Our speaker is a very lonely man (we're assuming he's a man), there's no doubt about it. In the first two lines the speaker tells us that nobody cares about him, or even knows who is anymore, and that his friends have pretty much abandoned him. He might as well be non-existent, like "vapours." Throw in the fact that there are no "joys" (9) and that everything he once loved is one "vast shipwreck" and you have a picture of almost total misery.
Now some of this misery might just be because the speaker's friends are being total jerks, and some of it might be because he's getting older. After all, life starts to look a bit different as we get older: people move away, people die, people change. Either way, this misery gives our speaker a death wish. But he's not suicidal or anything like (he doesn't say anything about killing himself), even though his mind may be going (things seems "strange").
Last and certainly not least, he's kind of a religious or spiritual dude. He's not really afraid of death because he's confident that he will meet God, his creator. You certainly wouldn't hear that from an atheist now, would you? Like a lot of people who believe in God, our speaker sees death as a peaceful sleep, an escape from the troubles of life. Well at least he's not super-scared or anything like that.

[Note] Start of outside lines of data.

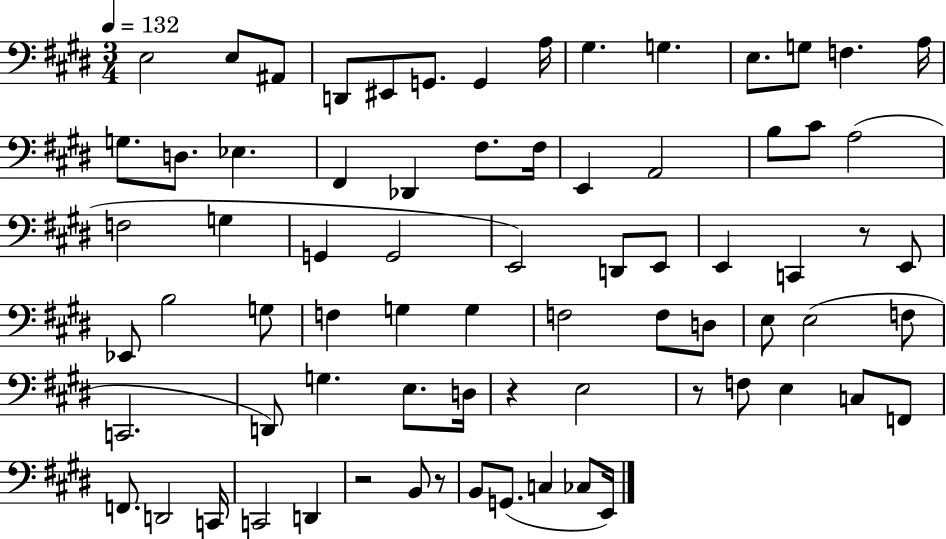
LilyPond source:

{
  \clef bass
  \numericTimeSignature
  \time 3/4
  \key e \major
  \tempo 4 = 132
  \repeat volta 2 { e2 e8 ais,8 | d,8 eis,8 g,8. g,4 a16 | gis4. g4. | e8. g8 f4. a16 | \break g8. d8. ees4. | fis,4 des,4 fis8. fis16 | e,4 a,2 | b8 cis'8 a2( | \break f2 g4 | g,4 g,2 | e,2) d,8 e,8 | e,4 c,4 r8 e,8 | \break ees,8 b2 g8 | f4 g4 g4 | f2 f8 d8 | e8 e2( f8 | \break c,2. | d,8) g4. e8. d16 | r4 e2 | r8 f8 e4 c8 f,8 | \break f,8. d,2 c,16 | c,2 d,4 | r2 b,8 r8 | b,8 g,8.( c4 ces8 e,16) | \break } \bar "|."
}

A few last words before we let you go. Technically speaking, the speaker and John Clare aren't the same person. Poets write poems, but it's not always them talking. "I Am" is a strange little exception to this general rule. Okay, yes it's not Clare, but in a way it kind of is. Clare was a very lonely man later in life, and his family never visited him in the asylum. Plus he went crazy, which is why he was in the asylum to begin with, and he was a pretty pious dude (see the religious part above). So, in this poem the speaker is and isn't Clare. Try that one on your friends and watch them admire your literary sophistication!